- [How to complete this task] Transcribe every record beneath, precisely as written.

- [Data records]
[Start of Attachment]

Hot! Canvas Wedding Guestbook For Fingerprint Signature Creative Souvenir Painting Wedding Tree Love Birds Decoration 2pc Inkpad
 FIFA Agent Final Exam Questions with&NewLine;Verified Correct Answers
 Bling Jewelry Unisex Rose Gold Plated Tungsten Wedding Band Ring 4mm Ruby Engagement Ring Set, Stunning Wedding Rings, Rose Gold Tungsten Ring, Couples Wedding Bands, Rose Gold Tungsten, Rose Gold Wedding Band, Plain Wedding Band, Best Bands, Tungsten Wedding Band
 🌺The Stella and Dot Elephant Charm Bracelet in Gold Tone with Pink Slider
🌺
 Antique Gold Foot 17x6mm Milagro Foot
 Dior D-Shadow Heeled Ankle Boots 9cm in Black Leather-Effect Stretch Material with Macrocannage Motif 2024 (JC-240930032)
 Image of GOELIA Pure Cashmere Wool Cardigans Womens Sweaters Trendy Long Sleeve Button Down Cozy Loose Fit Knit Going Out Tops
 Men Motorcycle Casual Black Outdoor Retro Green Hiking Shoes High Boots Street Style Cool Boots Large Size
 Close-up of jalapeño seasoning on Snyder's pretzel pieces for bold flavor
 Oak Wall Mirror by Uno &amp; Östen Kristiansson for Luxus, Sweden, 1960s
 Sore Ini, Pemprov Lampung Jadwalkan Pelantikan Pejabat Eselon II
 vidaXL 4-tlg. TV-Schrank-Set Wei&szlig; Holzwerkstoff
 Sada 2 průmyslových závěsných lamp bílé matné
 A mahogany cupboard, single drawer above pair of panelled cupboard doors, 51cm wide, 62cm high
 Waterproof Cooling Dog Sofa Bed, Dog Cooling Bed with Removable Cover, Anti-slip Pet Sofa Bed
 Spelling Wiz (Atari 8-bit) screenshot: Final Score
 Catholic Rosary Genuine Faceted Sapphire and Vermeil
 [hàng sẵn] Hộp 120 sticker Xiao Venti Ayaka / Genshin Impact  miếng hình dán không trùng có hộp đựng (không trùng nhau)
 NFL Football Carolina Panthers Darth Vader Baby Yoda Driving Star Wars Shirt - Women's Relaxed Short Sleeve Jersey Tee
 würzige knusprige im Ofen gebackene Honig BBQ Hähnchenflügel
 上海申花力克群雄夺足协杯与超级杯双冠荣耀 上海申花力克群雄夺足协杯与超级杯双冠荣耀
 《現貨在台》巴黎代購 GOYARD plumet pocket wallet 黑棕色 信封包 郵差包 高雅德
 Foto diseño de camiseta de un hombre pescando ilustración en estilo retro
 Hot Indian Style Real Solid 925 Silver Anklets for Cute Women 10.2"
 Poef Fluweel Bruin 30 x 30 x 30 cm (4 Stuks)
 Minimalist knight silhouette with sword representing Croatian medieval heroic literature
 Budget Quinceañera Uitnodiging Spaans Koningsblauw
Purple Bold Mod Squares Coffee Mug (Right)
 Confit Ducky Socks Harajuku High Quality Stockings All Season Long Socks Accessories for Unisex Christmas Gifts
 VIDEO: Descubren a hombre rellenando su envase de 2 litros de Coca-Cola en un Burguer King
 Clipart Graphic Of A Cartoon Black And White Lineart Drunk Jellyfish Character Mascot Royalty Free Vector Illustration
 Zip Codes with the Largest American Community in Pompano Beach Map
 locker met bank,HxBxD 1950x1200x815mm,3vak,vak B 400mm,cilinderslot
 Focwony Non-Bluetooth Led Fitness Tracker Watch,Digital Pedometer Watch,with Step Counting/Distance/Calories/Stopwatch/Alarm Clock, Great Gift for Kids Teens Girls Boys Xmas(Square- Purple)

[End of Attachment]

- [Response]
Hot! Canvas Wedding Guestbook For Fingerprint Signature Creative Souvenir Painting Wedding Tree Love Birds Decoration 2pc Inkpad
 FIFA Agent Final Exam Questions with&NewLine;Verified Correct Answers
 Bling Jewelry Unisex Rose Gold Plated Tungsten Wedding Band Ring 4mm Ruby Engagement Ring Set, Stunning Wedding Rings, Rose Gold Tungsten Ring, Couples Wedding Bands, Rose Gold Tungsten, Rose Gold Wedding Band, Plain Wedding Band, Best Bands, Tungsten Wedding Band
 🌺The Stella and Dot Elephant Charm Bracelet in Gold Tone with Pink Slider
🌺
 Antique Gold Foot 17x6mm Milagro Foot
 Dior D-Shadow Heeled Ankle Boots 9cm in Black Leather-Effect Stretch Material with Macrocannage Motif 2024 (JC-240930032)
 Image of GOELIA Pure Cashmere Wool Cardigans Womens Sweaters Trendy Long Sleeve Button Down Cozy Loose Fit Knit Going Out Tops
 Men Motorcycle Casual Black Outdoor Retro Green Hiking Shoes High Boots Street Style Cool Boots Large Size
 Close-up of jalapeño seasoning on Snyder's pretzel pieces for bold flavor
 Oak Wall Mirror by Uno &amp; Östen Kristiansson for Luxus, Sweden, 1960s
 Sore Ini, Pemprov Lampung Jadwalkan Pelantikan Pejabat Eselon II
 vidaXL 4-tlg. TV-Schrank-Set Wei&szlig; Holzwerkstoff
 Sada 2 průmyslových závěsných lamp bílé matné
 A mahogany cupboard, single drawer above pair of panelled cupboard doors, 51cm wide, 62cm high
 Waterproof Cooling Dog Sofa Bed, Dog Cooling Bed with Removable Cover, Anti-slip Pet Sofa Bed
 Spelling Wiz (Atari 8-bit) screenshot: Final Score
 Catholic Rosary Genuine Faceted Sapphire and Vermeil
 [hàng sẵn] Hộp 120 sticker Xiao Venti Ayaka / Genshin Impact  miếng hình dán không trùng có hộp đựng (không trùng nhau)
 NFL Football Carolina Panthers Darth Vader Baby Yoda Driving Star Wars Shirt - Women's Relaxed Short Sleeve Jersey Tee
 würzige knusprige im Ofen gebackene Honig BBQ Hähnchenflügel
 上海申花力克群雄夺足协杯与超级杯双冠荣耀 上海申花力克群雄夺足协杯与超级杯双冠荣耀
 《現貨在台》巴黎代購 GOYARD plumet pocket wallet 黑棕色 信封包 郵差包 高雅德
 Foto diseño de camiseta de un hombre pescando ilustración en estilo retro
 Hot Indian Style Real Solid 925 Silver Anklets for Cute Women 10.2"
 Poef Fluweel Bruin 30 x 30 x 30 cm (4 Stuks)
 Minimalist knight silhouette with sword representing Croatian medieval heroic literature
 Budget Quinceañera Uitnodiging Spaans Koningsblauw
Purple Bold Mod Squares Coffee Mug (Right)
 Confit Ducky Socks Harajuku High Quality Stockings All Season Long Socks Accessories for Unisex Christmas Gifts
 VIDEO: Descubren a hombre rellenando su envase de 2 litros de Coca-Cola en un Burguer King
 Clipart Graphic Of A Cartoon Black And White Lineart Drunk Jellyfish Character Mascot Royalty Free Vector Illustration
 Zip Codes with the Largest American Community in Pompano Beach Map
 locker met bank,HxBxD 1950x1200x815mm,3vak,vak B 400mm,cilinderslot
 Focwony Non-Bluetooth Led Fitness Tracker Watch,Digital Pedometer Watch,with Step Counting/Distance/Calories/Stopwatch/Alarm Clock, Great Gift for Kids Teens Girls Boys Xmas(Square- Purple)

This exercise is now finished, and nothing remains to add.